The CRed team is working with partners to estimate how much
CO2 they are responsible for, and in partnership, identifying
where and how to reduce emissions in the short, medium and
long term. However, ultimately you will decide what will work
best for you. Some partners will wish to participate during
the working day. Others participate in the home. Some are changing
the way they travel. Some are looking at every aspect of their
activities; others at a single aspect. Only you can decide
how you wish to participate. Building the community, defining
targets and commitments and ways of reaching them will continue
for the next two years. After this period we will be ready
to take on the 60% challenge by 2025. And the world will have
noticed.”
Note that the CRed project tightened the goal of the national
government, calling for the 60% reduction in their community
by 2025.
By summer 2004, CRed encompassed the City of Norwich, with
more than a thousand pledges to reduce carbon dioxide emissions,
along with substantive plans as to how those pledges would
be met (this number is now in excess of 1,800). In that summer,
8 students from UNC-Chapel Hill attended the Carolina Environmental
Program (CEP) field site in International
Energy Policy and Environmental Assessment located at
the University of Cambridge. For their semester, team-based
project (required of all environmental majors at
Carolina), the students approached the City of Cambridge for
ideas on projects that would benefit that community. The City
proposed that the students help them develop plans to become
a CRed partner (the first outside Norwich), and suggested working
with the City and the University of Cambridge. The student
team began that project, which will continue in the summers
of 2005 and 2006.
The first student team then brought this idea of a CRed partnership back
to the Town of Chapel Hill, where the Town Council will in September on
becoming the first U.S.-based CRed site.
At the same time, the University of North Carolina
at Chapel Hill began to consider becoming a CRed site. The
students, faculty and staff of the CEP serve as a resource
to the campus and town in deciding how they will meet the CRed
goals.
To become an official partner in CRed, it is necessary to
establish a goal of carbon dioxide reduction and to develop
a plan outlining the actions a partner intends to pursue in
reaching that goal.

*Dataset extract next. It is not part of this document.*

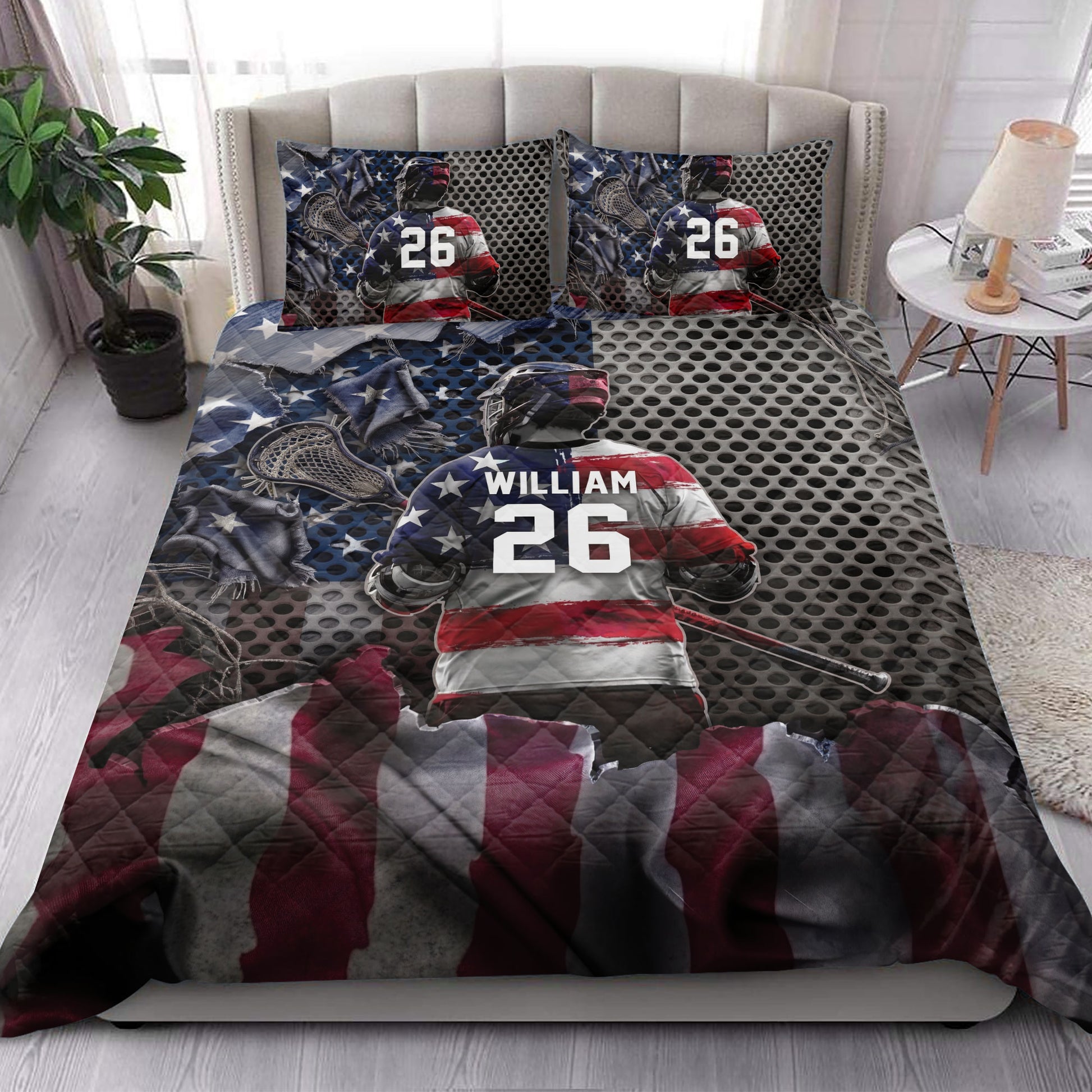 Lacrosse quilt bedding styled in a bright bedroom with player, stick, and patriotic artwork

This should include actions that spread
the burden of change equitably across individuals and institutions,
and across the specific sectors of transportation, residential,
commercial, and industrial/institutional. Ideally, these measures
would include a suite of policy options, including voluntary
change, tax incentives, mandatory limits, public investment
in technology, etc. After the partner develops a plan, a pledge
is sent to CRed . The
pledge carries with it no punitive consequences if the goals
are not met;
it is instead a declaration to the local community, the state
of North Carolina, the nation and the world that carbon reduction
is a serious goal and that major steps will be taken to meet
this goal. It is expected that progress towards the pledge
goals will be monitored periodically.
The CRed site maintains a number of tools that are useful
in establishing a set of policies. This includes a Carbon
Indicator that will
help you in calculating the carbon dioxide emissions associated
with specific activities, and to find those activities that
offer the greatest potential for reduction in emissions.
For
more information on these tools, or to learn more about the
CRed program in England, contact Marcus Armes, CRed Liaison
Officer, on 01603-593140 or by e-mail at marcus.armes@uea.ac.uk.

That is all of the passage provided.